Usually at the end of every year, I like to reflect on what happened. In the past 2 years, I’ve written articles about the things I’ve learned in the past year. In 2019, I learned a lot and I went through a lot. Literally writing that sentence, I went through a quick flashback at a few of the life-changing moments that happened to me.
2019 was a year. I have some thoughts on it. However, I am tired of looking back at 2019. Frankly, it wasn’t the greatest year of my life and I don’t want to dwell on the past right now. That past has a lot of negative moments and I am FINALLY in a place where I don’t want to think about those moments. I don’t want to think about what I went through. I don’t want to dwell on a negative time because I like feeling happy. I have finally accepted everything that happened and that the people who are supposed to be in my life will find a way to stay in my life.

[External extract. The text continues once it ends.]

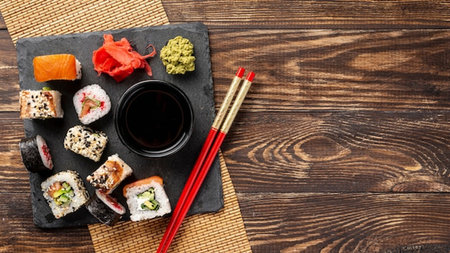 Sushi set on wooden table with chopsticks and soy sauce. Top view with copy spaceの写真素材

Instead, I want to think about how strong I’ve become. I want to focus on the lessons I’ve learned. I want to embrace being in the moment. I want to move on because I’ve held onto things for way too long. I want to focus on me thriving in 2020, because that will happen.
To 2020, I am ready for you. I acknowledge that I have been broken by 2019. However, I am not only fixed, but I am RENOVATED and better than ever! To me 2019 was that mean teacher that we’ve all had, and that we all hate to admit but was definitely one of the teachers that taught us the most growing up.

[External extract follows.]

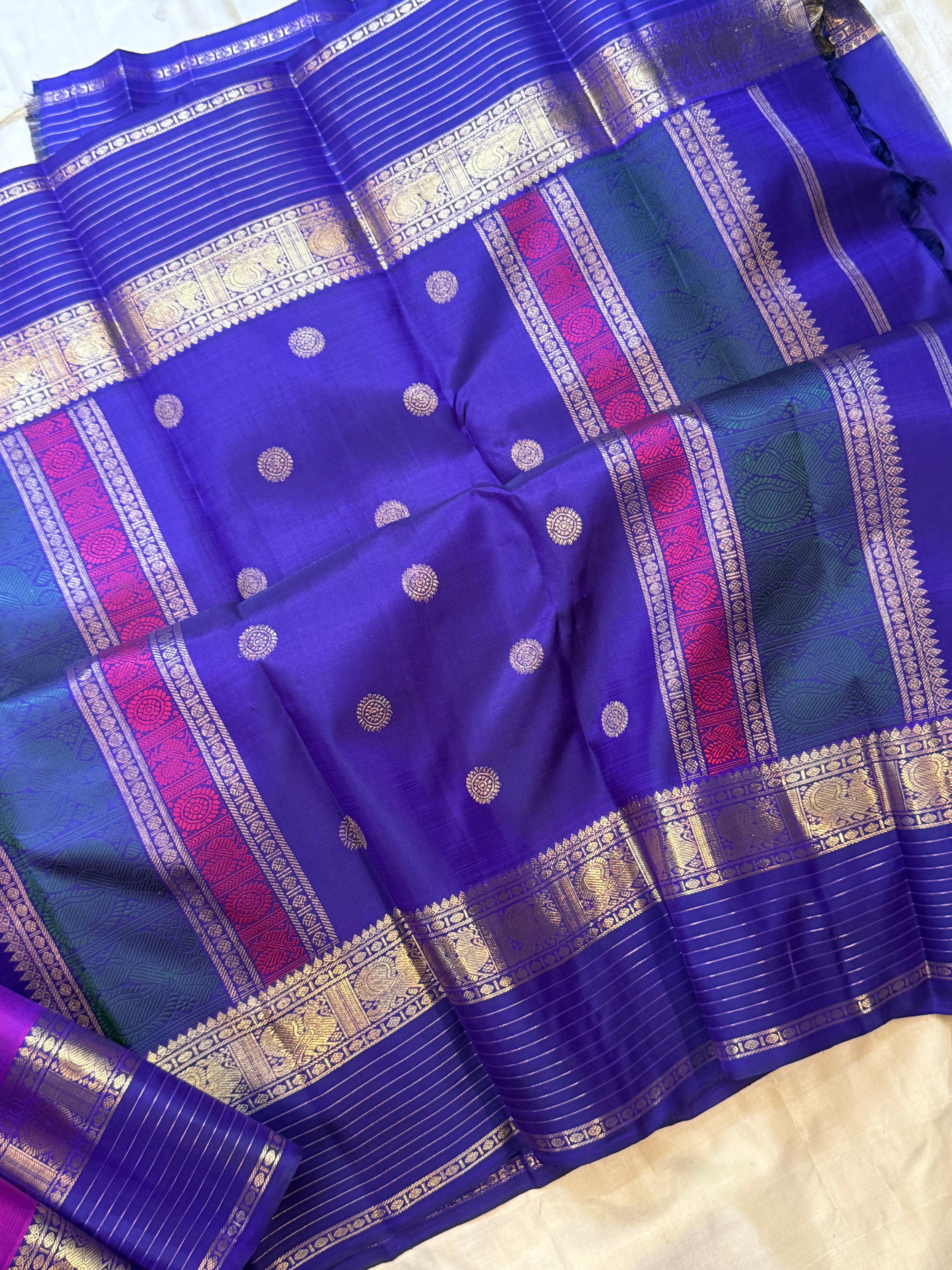 Vadamalli and purple kaal erangina border/ Kanjipuram silk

To 2020, I have no expectations for you. All I have is hope. I hope that I continue renovating myself. I hope that I continue accepting and embracing who I am because I truly am a queen (can I be the Queen of America?). I hope that I continue exploring life and the world. I hope that I have fun and that I continue to love life even in the gross moments. I hope that I laugh a lot because 2019 gave me a lot of comic relief.
2020, my goals for myself are to continue writing to my Future Self and to be able to let go of the things that I cannot control easier. By the end of 2020, I would like to move on from the ugliness of life easier. Finally, my goal is to grow as a person by leaving my comfort zone and exploring more and to surround myself with people who care as much about me as I care about them.
2020, whatever you have in store for me, just know that I am ready. I am ready to take on the valleys and to embrace my peaks. I am ready to apply all of the lessons that I have learned and to take this bull by its horns.
2020, even if you’re worse than 2019 I am still ready for you. Hit me with your best shot, and I will still come out stronger and better than ever before. That is a promise.